Жизнь братии только что возникшего монастыря сопряжена была с большими трудами. Братия избрала для монастыря это место по его сравнительному удобству. Впадина, образовавшаяся в горном кряже, укрывала монастырь от непогоды, а соседство Дона и Тихой Сосны облегчало пути сообщения и сближало монастырь с Острогожском, в уезд которого входил монастырь. Но при всем том оставались громадные затруднения при устройстве монастырской усадьбы. Устроиться у самого подножья горы было невозможно, так как весеннее половодье затопляло не только приречный луг, но и подступало к горе. Луг, расстилающийся под горою, высыхает только к концу мая. Поэтому братия и избрала местом для церкви один из столпов (Див), стоящих на значительной высоте, приблизительно на 2/3 всей высоты мелового кряжа. В этой то естественной постройке, с виду отчасти напоминавшей храм, монахи и выдолбили пещерную церковь, если не нашли уже готовой пещеры – остатка какого-то старинного поселения. В виду того, что пещеры здесь составляют не одну церковь, но расходятся от нее в виде коридоров, а ещё более – в виду того, что подобные же пещеры открыты и при Больших Дивах и в Шатрище, – естественно предполагать, что братия остановилась здесь, между прочем, и потому, что нашла здесь готовые пещеры, может быть – незначительные. Монахи расширили и приспособили их не только для церкви, но и для братских келий. Но весьма возможно и то, что монахи вновь вырыли эти пещеры. Они пришли из Приднепровья, полного рассказами о святых Киевских пещерах. Мысль образовать здесь, в вольном изгнании, подобие Киевских пещер, была не только возможна, но и весьма вероятна. А вид этих пещер еще более наводит на эту мысль. Это в сущности те же Киевские пещеры, только более упрощенные. От пещерной церкви идет, на протяжении 56 сажен, коридор, весьма неровно, то поднимаясь, то опускаясь, и выходит наружу недалеко от церкви. Из этого коридора идет разветвление, спускающееся вниз, к берегу р. Дона. В конце главного пещерного хода, или – лучше – в начале другого входа, сохранились помещения для жилья – келии. Можно представить себе, сколько нужно было положить труда, чтобы устроить этот монастырь!

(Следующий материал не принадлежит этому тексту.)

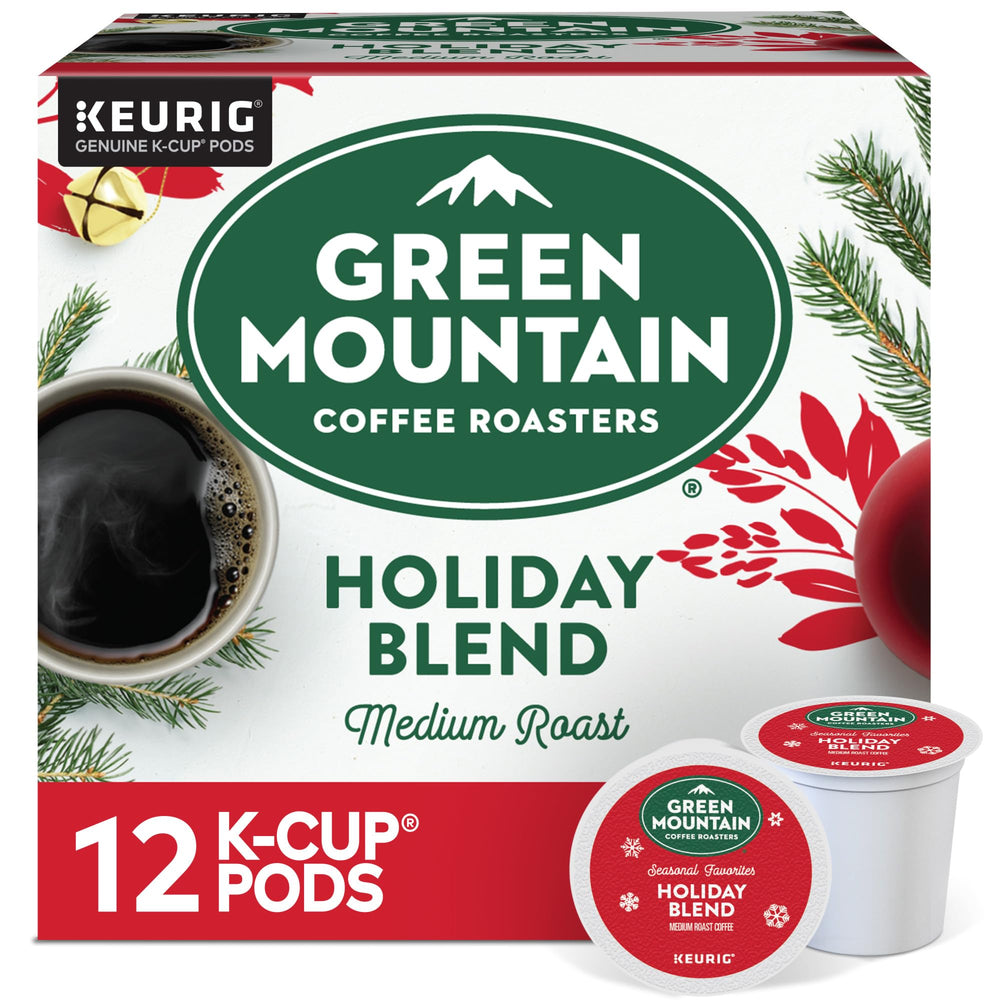 green mountain coffee roasters front packaging showing holiday blend and benefits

Постоянное жительство в пещерах было почти невозможно. Сырой, удушливый запах извести вынуждал иноков подумать о другом, более удобном помещении. Поэтому, при самом же основании монастыря, братия выстроила другую церковь, под горою, во имя Николая Чудотворца. Пожар истребил эту церковь, после чего на ее месте была устроена (в 1658 г.) церковь во имя Успения Богоматери, а пещерная освящена во имя Иоанна Предтечи. Здесь же, внизу, братия выстроила келии и обнесла монастырь оградой. Но для этого предварительно нужно было срезать часть горы (53×41 саж), так как меловой кряж здесь почти нависает над лугом164.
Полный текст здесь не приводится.